The next step is to get jq to do this count on the fly. The trick is getting the groupings out of the one big outer array and into a variable:
.[] as $groups
The .[]
operation looks inside the big array, making each smaller array available to jq. You could think of it as removing the outer brackets, though that's probably not technically correct.
Next, the as $groups
is jq's way of storing results in a variable. So what this does is take the sub-arrays and store them in a variable that can be accessed as $groups
. Now it's time to identify the matches.
if ($groups | length) == 2 then $groups[0] + $groups[1] else empty end'
This line is a conditional that separates groups with matches from groups without matches. jq has a function to count length (appropriately named length
), so the first part of the statement checks each group to see if the length is 2, signifying a match.
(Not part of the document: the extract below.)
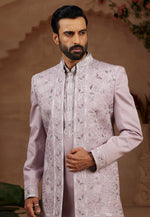 Load image into Gallery viewer, Lavender Silk Jacket Style Sherwani
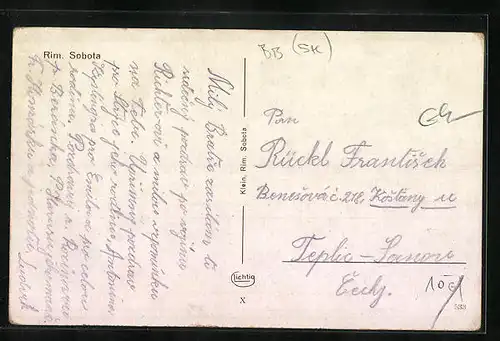 AK Rim. Sobota, verschiedene Gebäudeansichten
If that's true, then it's time to output the metadata.
But there's one more catch here: the value of each grouping is an array of two objects, the one from the identifier file and the one from the metadata file. For example:
[
{
"id": "druid:fg419sg6615"
},
{
"id": "druid:fg419sg6615",
"title_ssi": "Palo Alto Railroad",
"accessioned_latest_dttsi": "2017-04-01T02:44:07Z",
"status_ssi": "v3 Accessioned"
}
]
So if we were to output the value at this point, we'd be outputting arrays, not the JSON that's the real end goal.
My strategy for getting around this was to use jq's ability to merge two JSON objects into one, which somewhat confusingly gets represented by addition with the +
sign. This is what's happening with $groups[0] + $groups[1]
. That operation takes fields from both objects and merges them into one object. The duplicate values for 'id' are simply brought together rather than repeated (which I don't think JSON allows, anyway).
So in the end, the result of this command is that the metadata for matches is sent to the output.
What if there isn't a match (i.e. the array length is not 2)? The else empty
means that nothing is output at all. Unlike some other languages and tools, jq seems to require you to have an else statement, even if it's just else empty
.
> results.json
Finally, the last part of this long string of commands is to output the whole set of results into a new file using bash redirection.
Conclusion
I still can't believe that the longer, more complex command runs so quickly. That just shows the value of using a tool like jq that's optimized for processing JSON rather than treating it all like an unstructured block of text.
The only drawback is the memory usage. It happens that I have 8 or 16 GB of RAM available, depending on the computer I use, but it would be nice to find a way to run this that isn't so memory-intensive. As a test, I re-ran this on a small, low-end laptop with 4 GB of RAM and the system ran out of memory, froze up, and finally crashed the command to avoid crashing entirely.2
So what I have isn't perfect but it fulfills the high-level criteria of "good enough." Now I'm going to go looking for queries to run.
-
The actual data has many more fields, but I've truncated this in the interest of readability. What matters most here is that each line is a JSON object with a value for "id". ↩
-
I did find that if I split the big metadata file into two, ran the command on each part, then merged the two sets of results, I could still get to my goal, albeit a bit more slowly. So that's one possible way around the memory limit. ↩